Annandale Family History Center offers lots of resources for researchers

If you are thinking about researching your family’s history, you might be surprised that there is an excellent collection of easily accessible genealogy resources right here in Annandale.

The Annandale Family History Center in the Church of the Latter Day Saints, 3900 Howard St. (off Gallows Road) in Annandale, has over 1,000 books, an extensive collection of software and databases.

The center is open the community Tuesdays, Wednesdays, and Saturdays 9:30 a.m.-4 p.m.; Thursday and Friday 9:30 a.m.-1 p.m.; and Wednesday evenings 6:30-9:30. You don’t need an appointment.
The director, Shawnee Marsh, or her assistant can help you get started and suggest resources. Among the materials at the center are books and records covering various states and countries, guides on how to conduct research, military and immigration records, and historical maps.

Heritage Quest, the premium edition of, newspaper archives, and many other online resources that are available only to paid subscribers, can be accessed free at the Family History Center. The center has nine microfiche readers, which can be used to view old documents (like birth, land, and parish records) that can be ordered from the main LDS Family History Center in Salt Lake City.

Shawnee Marsh

The Annandale center is sponsoring a free half-day conference Nov. 5, 8 a.m.-1 p.m., on family history research with separate tracks for beginners and intermediate genealogists. The keynote speaker will be L. Reynolds Cahoon, who will present advice on preserving records.
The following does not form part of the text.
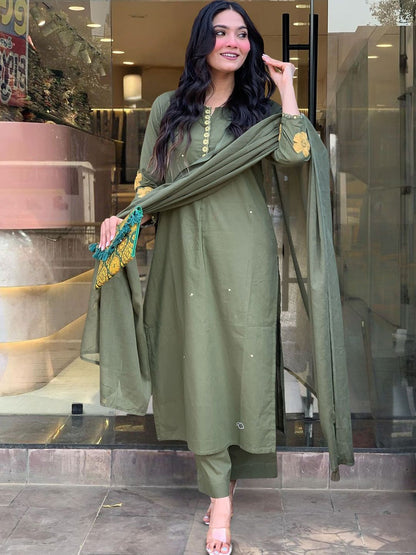 Dhiyona KL Women Floral Embroidered Kurta with Palazzo & Dupatta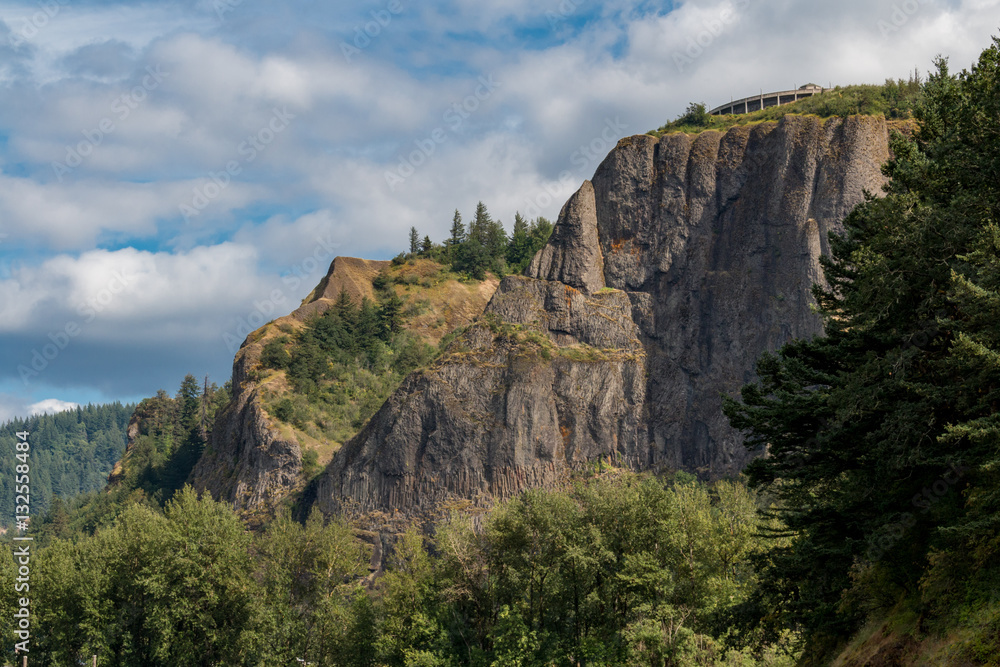 Columbia Gorge cliffs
You can register online (select “conference.”).

When asked why the Mormons are so interested in genealogy, Marsh says it’s important to track down the people who’ve gone before us. “We feel we have a mandate to find our families. In searching for our families, we find out a lot about ourselves.”

In fact, the LDS focus on genealogy is controversial. The Mormons are engaged in posthumously baptizing non-Mormons into the LDS faith, a practice many Jews, Catholics, and others find offensive. In 1995, LDS elders agreed to stop baptizing Holocaust victims, although there have been complaints that the baptisms have continued.
Marsh defends the practice of baptizing the dead by stating “those on the other side would have the opportunity to accept it or not.”

Regardless of your views on all that, anyone interested in genealogy is welcome to use the center’s resources. You don’t need to be a member of the church. In fact, there’s a separate entrance, so you don’t even need to enter the church.

Several other LDS churches in Northern Virginia also have family history centers, but the one in Annandale, which has been in that location for 41 years, is the oldest.